RESTful API Best Practices and Common Pitfalls

As a person who spends his day integrating systems, I’ve found that at least half of the APIs I use radically differ from REST semantics, make changes too often and too quickly, don’t validate enough, and/or don’t have proper documentation. There are tons of resources for making good RESTful APIs already, but I thought I’d add to the mix with some semantic rules and some technical ones that I see broken over and over.

Now, I’m not advocating that you should spend your time trying to implement a fully-compliant REST API — very few have and there’s not much benefit to doing so. I’m a believer in pragmatic REST — that is, you should do what makes sense and throw out what doesn’t. I’m being vague on purpose because it really comes down to your particular use case.
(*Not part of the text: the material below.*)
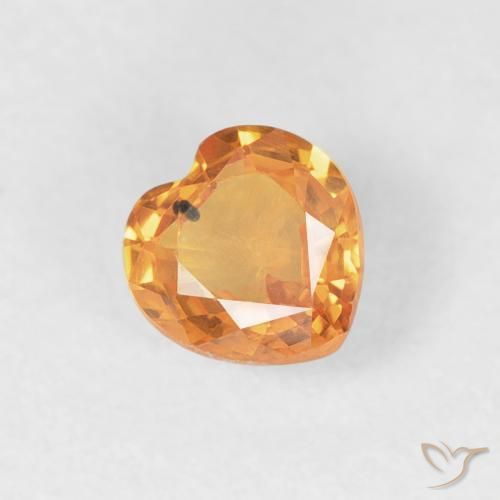 Zafiro Naranja claro natural de 0.44 ct, Corazón, VVS-VS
Honestly, good REST design practices could fill an entire book. For the sake of brevity, I’ve chosen ten– four related to technical implementation, six related to semantic. The examples are done using ASP.NET Web API, but the semantic stuff (and the technical, conceptually!) also applies to RESTful APIs made using other web frameworks and languages.

When it comes to RESTful API design, I have two main rules.

  1. Do what’s expected. No reason to get creative — a really creative API is probably a bad API. Follow established best practices.
  2. Be consistent. Use the same endpoint structure, HTTP status codes, HTTP verbs, etc. for your requests, for the same reasons. A poorly formed request should return 400, not 404.